Je passe quelque heures en salle de réveil (où une des infirmières se fait une frayeur en ne trouvant pas mon utérus à la palpation – il est tout petit madame, j’ai eu un demi bébé !), et je retourne dans ma chambre et les infirmières m’aident à aller jusqu’à la neonat ou je retrouve le papa (qui sent toujours le bouillon de crevettes 😂). Un espèce de grand infirmier baraqué s’occupe de notre micro bébé. Ses mains sont plus grandes qu’elle entière ! Il me propose de la prendre. Du peau à peau. Je ne pensais pas que ça serait possible.

Personne ne m’avait prévenue qu’avoir son bébé sur soi, c’est le meilleur truc du monde. Même bariolé de petits cables.

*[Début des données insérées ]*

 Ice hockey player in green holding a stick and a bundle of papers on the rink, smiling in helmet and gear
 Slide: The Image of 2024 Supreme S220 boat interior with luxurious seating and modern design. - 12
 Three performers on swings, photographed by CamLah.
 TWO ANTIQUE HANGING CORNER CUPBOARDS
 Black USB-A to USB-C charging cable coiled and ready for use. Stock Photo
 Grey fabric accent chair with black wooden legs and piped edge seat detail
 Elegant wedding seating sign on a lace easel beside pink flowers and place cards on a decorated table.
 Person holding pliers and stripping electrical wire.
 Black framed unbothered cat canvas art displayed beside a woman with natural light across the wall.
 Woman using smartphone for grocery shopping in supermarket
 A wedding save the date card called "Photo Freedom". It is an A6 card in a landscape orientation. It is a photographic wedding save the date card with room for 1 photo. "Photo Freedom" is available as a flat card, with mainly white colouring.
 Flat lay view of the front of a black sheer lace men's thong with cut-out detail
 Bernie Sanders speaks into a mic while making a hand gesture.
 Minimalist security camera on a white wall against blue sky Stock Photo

Même dans une pièce sombre avec des bips dans tous les sens. Même quand rien de tout ça n’était ce qu’on avait imaginé.

Ça fait 8 mois et un jour qu’on a enlevé mon implant, et j’ai mon tout petit bébé sur moi, je n’ai pas de mots pour décrire ce moment là. Je suis maman, on est parents, c’est parti. C’est une évidence. Ça dure 10 minutes montre en main (il avait vraiment une montre en main) mais j’ai encore le souvenir de son petit corps sur mois près de 4 ans après.

Le papa a prévenu nos familles, elle est née, c’est une petite fille.

On apprendra plus tard que mes parents (qui se couchent avec les poules – d’ailleurs ils en ont dans leur jardin) ont reçu les deux textos de nouvelles en même temps : « les choses s’accélèrent, bébé va naitre » suivi de « c’est une petite fille. Tout va bien ». C’est mon père qui les a vus en premier et il a été réveiller ma mère avec un petit thé, en lui disant « bonjour Mamie ! ».
(et non, eux non plus n’ont pas su le prénom tout de suite !)

4 commentaires sur “Et je suis devenue Maman

    1. Je dois dire que c’était un peu d’émotions à écrire aussi ! La suite arrivera, mais je peux dire qu’aujourd’hui mon mini bébé a quasiment 4 ans, et qu’elle est incroyable (et que c’est toujours la meilleure chose du monde quand elle vient faire un calin).